Dataset records:
::::

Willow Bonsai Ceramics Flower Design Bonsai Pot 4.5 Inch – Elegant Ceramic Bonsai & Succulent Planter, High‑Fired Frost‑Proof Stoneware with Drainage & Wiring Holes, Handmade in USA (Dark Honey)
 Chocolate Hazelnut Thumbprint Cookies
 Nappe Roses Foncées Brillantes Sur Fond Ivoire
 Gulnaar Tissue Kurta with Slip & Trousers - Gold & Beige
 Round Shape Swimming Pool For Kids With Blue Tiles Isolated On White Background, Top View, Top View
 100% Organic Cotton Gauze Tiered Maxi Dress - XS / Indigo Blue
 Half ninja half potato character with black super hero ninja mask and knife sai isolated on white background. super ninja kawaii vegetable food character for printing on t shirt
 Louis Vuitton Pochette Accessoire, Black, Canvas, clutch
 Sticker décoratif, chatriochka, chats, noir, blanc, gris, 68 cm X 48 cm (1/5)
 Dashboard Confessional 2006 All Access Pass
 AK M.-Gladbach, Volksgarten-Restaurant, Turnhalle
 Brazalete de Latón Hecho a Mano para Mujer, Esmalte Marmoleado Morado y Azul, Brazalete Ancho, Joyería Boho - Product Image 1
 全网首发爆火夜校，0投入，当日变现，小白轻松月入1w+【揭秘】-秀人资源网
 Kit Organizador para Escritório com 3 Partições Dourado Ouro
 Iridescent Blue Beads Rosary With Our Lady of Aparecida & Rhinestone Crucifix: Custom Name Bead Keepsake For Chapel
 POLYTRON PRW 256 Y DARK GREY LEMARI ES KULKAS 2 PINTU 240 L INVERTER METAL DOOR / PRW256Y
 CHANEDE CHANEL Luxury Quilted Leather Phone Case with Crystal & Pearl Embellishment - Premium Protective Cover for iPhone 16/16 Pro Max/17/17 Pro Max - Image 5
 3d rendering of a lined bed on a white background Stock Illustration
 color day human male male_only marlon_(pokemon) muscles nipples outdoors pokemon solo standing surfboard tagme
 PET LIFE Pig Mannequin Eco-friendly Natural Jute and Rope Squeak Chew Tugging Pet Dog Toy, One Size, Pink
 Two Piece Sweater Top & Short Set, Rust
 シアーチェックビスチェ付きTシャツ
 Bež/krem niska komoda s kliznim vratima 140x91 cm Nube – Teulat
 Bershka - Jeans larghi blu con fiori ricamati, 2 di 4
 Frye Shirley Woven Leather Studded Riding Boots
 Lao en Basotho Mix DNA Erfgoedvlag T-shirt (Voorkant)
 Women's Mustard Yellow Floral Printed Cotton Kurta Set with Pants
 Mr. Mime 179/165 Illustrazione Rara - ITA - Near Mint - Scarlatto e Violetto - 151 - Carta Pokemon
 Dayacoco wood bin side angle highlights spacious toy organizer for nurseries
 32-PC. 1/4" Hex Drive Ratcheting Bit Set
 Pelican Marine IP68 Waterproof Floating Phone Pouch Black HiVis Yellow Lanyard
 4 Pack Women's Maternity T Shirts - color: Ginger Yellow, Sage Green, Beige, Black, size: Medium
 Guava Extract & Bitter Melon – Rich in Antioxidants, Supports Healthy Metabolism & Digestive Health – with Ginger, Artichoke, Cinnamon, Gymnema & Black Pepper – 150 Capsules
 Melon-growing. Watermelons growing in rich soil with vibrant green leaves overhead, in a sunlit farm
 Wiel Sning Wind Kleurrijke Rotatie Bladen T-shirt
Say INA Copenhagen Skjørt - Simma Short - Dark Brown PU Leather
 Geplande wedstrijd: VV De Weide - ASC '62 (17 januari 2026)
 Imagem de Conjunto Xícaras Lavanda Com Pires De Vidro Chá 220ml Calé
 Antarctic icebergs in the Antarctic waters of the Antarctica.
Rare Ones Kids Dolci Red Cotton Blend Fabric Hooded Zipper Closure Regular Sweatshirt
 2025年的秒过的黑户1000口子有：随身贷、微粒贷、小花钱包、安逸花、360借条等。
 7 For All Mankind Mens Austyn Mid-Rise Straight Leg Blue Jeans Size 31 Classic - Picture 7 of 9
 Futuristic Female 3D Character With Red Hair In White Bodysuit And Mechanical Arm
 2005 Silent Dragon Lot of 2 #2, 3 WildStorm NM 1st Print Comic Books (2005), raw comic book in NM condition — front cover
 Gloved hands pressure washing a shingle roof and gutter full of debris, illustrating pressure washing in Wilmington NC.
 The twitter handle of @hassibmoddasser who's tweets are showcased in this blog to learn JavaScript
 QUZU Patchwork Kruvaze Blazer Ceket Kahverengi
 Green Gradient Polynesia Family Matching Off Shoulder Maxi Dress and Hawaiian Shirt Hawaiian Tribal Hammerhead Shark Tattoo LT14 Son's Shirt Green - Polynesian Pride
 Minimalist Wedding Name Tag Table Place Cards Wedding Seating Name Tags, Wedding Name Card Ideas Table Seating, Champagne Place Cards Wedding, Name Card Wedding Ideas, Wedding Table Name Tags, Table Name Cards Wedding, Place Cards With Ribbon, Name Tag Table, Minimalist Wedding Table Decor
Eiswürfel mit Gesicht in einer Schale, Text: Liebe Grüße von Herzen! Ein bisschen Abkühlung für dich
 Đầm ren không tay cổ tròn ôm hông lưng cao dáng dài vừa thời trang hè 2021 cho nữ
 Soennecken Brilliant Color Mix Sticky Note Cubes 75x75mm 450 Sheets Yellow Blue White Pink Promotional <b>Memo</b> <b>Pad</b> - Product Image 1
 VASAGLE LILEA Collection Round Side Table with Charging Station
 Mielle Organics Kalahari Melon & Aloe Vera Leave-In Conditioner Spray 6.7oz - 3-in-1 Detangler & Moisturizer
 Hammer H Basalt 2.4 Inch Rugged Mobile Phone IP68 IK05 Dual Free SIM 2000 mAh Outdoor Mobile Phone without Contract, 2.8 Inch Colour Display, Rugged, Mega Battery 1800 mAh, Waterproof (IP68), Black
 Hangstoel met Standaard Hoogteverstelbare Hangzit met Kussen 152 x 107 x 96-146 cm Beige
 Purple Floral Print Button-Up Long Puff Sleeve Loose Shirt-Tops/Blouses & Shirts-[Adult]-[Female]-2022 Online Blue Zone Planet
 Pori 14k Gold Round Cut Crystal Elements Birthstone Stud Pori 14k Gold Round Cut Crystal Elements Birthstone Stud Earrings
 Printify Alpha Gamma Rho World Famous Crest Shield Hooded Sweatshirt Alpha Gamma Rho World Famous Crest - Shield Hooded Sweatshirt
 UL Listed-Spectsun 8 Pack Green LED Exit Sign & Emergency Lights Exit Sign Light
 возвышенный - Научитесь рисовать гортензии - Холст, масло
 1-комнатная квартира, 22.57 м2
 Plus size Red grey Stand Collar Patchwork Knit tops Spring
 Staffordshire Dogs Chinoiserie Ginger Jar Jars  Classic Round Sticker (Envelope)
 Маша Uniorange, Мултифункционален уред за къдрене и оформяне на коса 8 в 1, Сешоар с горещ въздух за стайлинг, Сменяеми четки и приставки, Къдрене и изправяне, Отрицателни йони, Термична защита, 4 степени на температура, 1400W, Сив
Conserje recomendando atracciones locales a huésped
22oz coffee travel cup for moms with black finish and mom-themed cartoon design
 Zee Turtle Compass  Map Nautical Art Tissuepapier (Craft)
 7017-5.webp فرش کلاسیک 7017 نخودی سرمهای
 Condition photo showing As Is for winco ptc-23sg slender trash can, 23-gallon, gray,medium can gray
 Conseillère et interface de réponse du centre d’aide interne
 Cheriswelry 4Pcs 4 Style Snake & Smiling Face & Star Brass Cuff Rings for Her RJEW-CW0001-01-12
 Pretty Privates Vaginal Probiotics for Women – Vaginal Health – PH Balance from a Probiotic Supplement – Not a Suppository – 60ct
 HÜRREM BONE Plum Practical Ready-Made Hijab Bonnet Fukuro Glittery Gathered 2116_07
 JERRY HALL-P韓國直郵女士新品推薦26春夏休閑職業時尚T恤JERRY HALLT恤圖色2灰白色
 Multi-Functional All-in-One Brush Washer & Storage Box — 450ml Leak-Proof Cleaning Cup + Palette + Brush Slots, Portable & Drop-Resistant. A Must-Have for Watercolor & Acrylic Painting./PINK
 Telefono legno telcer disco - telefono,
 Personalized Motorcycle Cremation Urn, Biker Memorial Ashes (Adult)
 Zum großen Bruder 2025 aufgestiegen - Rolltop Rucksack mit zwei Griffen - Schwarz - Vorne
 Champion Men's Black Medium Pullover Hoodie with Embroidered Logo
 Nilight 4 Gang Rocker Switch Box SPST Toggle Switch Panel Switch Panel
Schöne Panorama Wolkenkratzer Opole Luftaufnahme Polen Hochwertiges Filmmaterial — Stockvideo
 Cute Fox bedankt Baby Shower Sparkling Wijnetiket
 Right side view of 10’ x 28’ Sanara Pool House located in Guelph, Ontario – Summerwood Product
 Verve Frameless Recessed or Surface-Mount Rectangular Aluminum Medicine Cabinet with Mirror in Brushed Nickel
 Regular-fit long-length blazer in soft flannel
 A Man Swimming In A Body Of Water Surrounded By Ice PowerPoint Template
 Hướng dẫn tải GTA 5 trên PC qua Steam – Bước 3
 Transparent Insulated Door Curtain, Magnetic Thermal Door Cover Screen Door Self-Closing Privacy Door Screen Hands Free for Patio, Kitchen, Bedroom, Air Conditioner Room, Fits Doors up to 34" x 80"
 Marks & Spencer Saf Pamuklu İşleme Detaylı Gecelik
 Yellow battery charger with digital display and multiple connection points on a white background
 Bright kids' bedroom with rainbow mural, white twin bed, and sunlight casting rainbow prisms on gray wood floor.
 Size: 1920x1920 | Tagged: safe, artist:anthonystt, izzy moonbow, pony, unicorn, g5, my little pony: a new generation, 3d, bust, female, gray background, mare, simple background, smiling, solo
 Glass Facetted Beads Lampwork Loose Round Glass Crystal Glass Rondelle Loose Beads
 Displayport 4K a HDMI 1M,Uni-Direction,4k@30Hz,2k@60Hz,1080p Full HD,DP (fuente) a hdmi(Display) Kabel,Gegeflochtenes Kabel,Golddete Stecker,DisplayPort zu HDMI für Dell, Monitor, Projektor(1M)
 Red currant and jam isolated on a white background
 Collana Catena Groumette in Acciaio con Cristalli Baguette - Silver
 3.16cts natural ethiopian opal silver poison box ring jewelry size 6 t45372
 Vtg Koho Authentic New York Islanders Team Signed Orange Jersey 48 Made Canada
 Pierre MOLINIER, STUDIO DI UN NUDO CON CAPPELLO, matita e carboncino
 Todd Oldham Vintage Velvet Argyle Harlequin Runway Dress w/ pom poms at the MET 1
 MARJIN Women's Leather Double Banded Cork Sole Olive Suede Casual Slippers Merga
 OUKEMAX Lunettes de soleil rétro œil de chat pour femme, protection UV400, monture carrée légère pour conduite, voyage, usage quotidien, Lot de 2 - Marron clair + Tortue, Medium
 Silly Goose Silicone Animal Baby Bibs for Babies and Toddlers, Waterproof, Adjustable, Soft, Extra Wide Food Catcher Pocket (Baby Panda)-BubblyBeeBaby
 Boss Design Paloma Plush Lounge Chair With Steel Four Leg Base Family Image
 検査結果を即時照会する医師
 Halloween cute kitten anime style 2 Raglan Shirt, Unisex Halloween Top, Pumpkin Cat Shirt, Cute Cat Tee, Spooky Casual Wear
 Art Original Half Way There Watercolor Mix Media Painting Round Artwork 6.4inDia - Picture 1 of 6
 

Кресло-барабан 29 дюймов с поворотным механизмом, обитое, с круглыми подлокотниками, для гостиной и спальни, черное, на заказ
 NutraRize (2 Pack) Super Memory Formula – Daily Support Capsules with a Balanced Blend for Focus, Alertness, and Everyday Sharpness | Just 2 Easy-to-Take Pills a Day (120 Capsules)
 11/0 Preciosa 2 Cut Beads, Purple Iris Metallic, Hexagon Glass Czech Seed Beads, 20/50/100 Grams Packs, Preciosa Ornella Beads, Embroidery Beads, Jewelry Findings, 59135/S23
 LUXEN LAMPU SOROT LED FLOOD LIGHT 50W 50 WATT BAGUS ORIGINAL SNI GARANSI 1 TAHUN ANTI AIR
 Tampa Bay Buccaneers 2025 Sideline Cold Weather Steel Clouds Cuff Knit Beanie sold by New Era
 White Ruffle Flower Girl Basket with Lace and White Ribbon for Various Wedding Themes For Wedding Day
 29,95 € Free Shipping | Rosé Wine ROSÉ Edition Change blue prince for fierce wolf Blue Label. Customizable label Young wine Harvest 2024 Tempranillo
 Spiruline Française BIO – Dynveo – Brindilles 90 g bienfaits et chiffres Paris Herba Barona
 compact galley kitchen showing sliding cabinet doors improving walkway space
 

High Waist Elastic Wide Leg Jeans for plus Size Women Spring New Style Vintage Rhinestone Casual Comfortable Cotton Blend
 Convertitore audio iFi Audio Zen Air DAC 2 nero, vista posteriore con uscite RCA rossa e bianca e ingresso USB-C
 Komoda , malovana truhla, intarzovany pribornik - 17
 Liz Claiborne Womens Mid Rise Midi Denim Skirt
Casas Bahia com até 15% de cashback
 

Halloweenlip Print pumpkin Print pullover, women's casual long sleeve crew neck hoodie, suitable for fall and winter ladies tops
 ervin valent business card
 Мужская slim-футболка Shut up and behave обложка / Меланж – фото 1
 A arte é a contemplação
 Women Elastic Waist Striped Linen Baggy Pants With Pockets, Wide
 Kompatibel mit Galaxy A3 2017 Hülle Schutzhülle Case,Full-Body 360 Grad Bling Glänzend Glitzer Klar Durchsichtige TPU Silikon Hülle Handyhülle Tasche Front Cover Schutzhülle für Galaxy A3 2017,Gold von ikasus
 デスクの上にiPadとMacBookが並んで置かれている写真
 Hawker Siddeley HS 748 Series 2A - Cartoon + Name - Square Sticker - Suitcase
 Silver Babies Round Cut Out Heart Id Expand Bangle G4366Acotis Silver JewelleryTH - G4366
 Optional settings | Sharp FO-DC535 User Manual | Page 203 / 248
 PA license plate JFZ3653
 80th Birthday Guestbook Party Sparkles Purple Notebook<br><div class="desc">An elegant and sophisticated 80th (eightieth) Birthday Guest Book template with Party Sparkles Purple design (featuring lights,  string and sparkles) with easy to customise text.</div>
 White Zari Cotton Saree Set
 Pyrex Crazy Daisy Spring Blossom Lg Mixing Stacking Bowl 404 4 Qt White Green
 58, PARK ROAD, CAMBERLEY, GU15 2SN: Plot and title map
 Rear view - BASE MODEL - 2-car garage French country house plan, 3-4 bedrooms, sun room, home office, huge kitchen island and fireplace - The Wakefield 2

::::

Exercise goal: Beginning of the records through the line with "100% Organic Cotton": return that span exactly and stop there.

Response area:
Willow Bonsai Ceramics Flower Design Bonsai Pot 4.5 Inch – Elegant Ceramic Bonsai & Succulent Planter, High‑Fired Frost‑Proof Stoneware with Drainage & Wiring Holes, Handmade in USA (Dark Honey)
 Chocolate Hazelnut Thumbprint Cookies
 Nappe Roses Foncées Brillantes Sur Fond Ivoire
 Gulnaar Tissue Kurta with Slip & Trousers - Gold & Beige
 Round Shape Swimming Pool For Kids With Blue Tiles Isolated On White Background, Top View, Top View
 100% Organic Cotton Gauze Tiered Maxi Dress - XS / Indigo Blue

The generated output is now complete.